[What needs to be done] Count every line in this listing that has "Fuzzy". Reply with only the total.

[Given entries]
>>>>>

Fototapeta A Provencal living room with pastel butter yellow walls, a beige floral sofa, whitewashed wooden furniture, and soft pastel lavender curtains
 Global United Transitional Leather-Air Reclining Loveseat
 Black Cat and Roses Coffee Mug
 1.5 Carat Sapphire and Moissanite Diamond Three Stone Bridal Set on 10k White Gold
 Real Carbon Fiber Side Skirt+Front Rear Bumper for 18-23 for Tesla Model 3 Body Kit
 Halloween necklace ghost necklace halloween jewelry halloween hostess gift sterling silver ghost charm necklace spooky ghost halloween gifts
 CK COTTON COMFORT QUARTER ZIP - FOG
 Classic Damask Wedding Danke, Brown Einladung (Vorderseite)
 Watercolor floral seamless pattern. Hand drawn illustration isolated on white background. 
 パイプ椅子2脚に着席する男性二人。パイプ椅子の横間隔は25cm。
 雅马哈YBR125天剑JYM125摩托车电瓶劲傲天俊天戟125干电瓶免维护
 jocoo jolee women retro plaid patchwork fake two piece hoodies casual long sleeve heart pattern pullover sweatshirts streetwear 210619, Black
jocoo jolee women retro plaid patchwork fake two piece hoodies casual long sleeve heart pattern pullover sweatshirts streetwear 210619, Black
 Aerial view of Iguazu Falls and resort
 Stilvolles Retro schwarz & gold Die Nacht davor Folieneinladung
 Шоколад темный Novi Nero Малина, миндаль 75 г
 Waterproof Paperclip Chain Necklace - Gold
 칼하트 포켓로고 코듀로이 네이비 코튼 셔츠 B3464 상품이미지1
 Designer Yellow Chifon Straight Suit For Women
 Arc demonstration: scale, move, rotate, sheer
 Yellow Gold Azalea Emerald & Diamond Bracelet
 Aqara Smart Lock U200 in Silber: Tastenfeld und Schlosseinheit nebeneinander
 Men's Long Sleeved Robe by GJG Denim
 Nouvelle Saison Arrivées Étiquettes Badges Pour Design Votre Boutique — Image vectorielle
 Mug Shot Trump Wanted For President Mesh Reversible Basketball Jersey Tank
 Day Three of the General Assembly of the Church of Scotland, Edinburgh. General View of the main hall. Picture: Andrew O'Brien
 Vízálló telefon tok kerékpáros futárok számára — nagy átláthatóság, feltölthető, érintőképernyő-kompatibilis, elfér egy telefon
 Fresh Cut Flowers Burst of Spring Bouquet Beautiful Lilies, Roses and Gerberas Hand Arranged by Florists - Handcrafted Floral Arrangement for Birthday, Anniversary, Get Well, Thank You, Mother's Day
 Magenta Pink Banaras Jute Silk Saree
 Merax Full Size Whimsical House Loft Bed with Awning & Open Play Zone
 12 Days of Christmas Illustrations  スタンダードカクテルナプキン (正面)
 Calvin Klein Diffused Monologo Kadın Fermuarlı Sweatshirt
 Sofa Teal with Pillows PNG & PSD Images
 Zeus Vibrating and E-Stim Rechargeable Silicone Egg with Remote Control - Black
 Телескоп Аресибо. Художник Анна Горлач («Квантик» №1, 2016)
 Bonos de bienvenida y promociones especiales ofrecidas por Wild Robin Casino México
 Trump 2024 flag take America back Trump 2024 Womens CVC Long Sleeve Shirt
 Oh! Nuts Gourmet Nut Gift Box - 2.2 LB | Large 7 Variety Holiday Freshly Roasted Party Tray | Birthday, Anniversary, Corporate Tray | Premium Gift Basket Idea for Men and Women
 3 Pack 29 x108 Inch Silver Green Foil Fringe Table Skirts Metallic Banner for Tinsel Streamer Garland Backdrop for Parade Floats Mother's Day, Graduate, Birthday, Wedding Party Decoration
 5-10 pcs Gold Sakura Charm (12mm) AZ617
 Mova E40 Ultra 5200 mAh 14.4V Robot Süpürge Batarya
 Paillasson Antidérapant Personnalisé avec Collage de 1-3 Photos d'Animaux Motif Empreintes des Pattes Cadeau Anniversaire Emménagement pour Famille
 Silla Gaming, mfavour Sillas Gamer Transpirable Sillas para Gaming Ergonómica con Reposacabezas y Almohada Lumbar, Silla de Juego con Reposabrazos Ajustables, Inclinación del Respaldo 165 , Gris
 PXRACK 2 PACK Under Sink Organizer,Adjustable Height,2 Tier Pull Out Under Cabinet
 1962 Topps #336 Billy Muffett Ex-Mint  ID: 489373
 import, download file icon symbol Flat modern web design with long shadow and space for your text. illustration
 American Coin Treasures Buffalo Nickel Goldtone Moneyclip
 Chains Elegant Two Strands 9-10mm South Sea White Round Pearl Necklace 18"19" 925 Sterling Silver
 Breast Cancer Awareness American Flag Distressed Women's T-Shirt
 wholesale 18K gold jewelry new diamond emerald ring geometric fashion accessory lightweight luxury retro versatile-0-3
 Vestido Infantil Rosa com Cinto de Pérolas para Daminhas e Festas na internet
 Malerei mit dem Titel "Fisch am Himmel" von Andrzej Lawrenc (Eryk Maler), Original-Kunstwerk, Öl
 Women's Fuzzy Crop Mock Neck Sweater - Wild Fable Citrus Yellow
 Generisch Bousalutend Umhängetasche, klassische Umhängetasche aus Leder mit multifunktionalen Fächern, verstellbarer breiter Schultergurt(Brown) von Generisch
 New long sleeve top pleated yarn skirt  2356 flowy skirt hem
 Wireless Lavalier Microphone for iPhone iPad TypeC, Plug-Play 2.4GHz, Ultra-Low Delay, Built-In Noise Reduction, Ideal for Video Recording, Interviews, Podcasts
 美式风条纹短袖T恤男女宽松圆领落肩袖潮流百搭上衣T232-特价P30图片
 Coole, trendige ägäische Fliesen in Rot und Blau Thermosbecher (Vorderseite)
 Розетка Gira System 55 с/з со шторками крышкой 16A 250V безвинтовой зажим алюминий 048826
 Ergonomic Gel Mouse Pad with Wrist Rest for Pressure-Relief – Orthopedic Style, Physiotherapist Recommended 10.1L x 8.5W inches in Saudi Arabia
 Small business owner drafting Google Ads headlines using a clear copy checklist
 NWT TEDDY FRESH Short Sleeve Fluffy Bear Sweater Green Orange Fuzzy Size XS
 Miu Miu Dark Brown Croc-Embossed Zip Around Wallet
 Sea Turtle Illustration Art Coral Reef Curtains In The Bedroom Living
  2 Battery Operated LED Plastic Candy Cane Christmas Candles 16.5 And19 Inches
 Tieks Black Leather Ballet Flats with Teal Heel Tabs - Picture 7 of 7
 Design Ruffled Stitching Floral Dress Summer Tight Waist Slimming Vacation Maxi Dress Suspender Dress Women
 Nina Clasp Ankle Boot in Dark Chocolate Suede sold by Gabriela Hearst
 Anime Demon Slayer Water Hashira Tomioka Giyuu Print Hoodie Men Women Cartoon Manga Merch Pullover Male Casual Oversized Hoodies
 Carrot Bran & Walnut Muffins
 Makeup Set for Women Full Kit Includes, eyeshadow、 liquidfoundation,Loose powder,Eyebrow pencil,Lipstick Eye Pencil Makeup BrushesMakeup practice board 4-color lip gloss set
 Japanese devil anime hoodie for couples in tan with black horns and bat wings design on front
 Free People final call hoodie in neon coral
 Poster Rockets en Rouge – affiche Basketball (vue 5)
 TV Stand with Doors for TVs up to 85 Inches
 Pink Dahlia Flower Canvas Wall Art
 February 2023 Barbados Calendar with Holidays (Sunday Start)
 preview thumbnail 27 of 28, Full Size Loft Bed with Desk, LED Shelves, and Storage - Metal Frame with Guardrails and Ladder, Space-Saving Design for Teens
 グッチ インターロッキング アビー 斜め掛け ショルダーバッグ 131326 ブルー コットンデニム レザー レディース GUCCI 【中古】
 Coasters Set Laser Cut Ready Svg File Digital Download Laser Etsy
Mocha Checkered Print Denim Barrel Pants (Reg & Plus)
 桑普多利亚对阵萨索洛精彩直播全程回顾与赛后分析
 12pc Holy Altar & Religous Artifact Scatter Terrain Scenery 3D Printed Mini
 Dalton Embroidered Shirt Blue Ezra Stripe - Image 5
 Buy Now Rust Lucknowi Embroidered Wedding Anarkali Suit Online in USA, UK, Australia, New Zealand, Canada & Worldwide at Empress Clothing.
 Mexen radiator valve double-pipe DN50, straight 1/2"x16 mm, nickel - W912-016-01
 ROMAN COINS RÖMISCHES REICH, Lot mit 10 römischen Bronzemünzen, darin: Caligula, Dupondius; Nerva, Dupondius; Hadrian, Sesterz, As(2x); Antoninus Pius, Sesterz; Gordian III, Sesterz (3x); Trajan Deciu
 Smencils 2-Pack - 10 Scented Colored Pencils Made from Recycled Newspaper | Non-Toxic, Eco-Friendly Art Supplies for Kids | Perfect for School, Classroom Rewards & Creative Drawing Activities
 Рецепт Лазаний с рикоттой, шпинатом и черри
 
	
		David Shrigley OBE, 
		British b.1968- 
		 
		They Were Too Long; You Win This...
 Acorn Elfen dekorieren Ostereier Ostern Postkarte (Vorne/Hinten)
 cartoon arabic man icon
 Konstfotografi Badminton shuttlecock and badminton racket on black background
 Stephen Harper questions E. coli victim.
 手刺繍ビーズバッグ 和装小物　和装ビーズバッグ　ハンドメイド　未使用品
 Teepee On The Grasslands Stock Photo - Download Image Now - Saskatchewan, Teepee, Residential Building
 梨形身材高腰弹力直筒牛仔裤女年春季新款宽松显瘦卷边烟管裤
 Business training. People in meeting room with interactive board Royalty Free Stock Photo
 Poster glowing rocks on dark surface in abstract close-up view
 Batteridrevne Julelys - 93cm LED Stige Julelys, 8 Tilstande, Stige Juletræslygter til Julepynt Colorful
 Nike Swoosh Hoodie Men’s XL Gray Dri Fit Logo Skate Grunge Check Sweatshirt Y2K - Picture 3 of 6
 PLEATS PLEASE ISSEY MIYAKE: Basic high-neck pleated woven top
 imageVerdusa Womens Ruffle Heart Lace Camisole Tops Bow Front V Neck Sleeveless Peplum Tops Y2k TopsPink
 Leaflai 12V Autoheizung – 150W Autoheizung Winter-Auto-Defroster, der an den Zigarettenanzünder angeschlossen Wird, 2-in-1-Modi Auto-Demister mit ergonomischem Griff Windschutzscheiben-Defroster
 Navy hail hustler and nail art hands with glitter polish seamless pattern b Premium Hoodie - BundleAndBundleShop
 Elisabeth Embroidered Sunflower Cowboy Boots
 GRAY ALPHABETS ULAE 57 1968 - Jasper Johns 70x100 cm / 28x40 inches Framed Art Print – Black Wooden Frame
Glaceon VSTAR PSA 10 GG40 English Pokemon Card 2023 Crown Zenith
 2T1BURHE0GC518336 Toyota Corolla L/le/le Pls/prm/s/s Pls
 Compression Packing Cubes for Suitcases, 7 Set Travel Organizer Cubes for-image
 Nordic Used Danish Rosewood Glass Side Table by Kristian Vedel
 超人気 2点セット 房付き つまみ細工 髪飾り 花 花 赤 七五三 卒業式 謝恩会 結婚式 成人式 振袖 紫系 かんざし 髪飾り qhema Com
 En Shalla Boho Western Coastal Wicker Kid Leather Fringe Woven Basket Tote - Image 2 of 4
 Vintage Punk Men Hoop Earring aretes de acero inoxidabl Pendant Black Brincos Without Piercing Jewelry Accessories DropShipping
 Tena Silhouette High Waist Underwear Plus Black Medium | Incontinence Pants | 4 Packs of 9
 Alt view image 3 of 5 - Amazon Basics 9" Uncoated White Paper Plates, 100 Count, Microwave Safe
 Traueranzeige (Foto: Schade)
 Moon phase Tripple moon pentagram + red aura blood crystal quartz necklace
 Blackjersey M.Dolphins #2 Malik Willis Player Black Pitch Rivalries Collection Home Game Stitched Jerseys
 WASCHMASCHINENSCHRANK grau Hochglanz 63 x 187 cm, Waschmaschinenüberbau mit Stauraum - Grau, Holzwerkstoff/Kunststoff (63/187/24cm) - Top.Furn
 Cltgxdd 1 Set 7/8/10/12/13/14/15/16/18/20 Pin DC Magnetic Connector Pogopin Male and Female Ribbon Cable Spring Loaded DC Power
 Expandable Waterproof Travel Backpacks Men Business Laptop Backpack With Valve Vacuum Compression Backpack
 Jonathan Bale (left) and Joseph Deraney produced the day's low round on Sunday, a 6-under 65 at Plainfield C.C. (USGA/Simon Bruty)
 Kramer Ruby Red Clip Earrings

<<<<<

[Solution] 2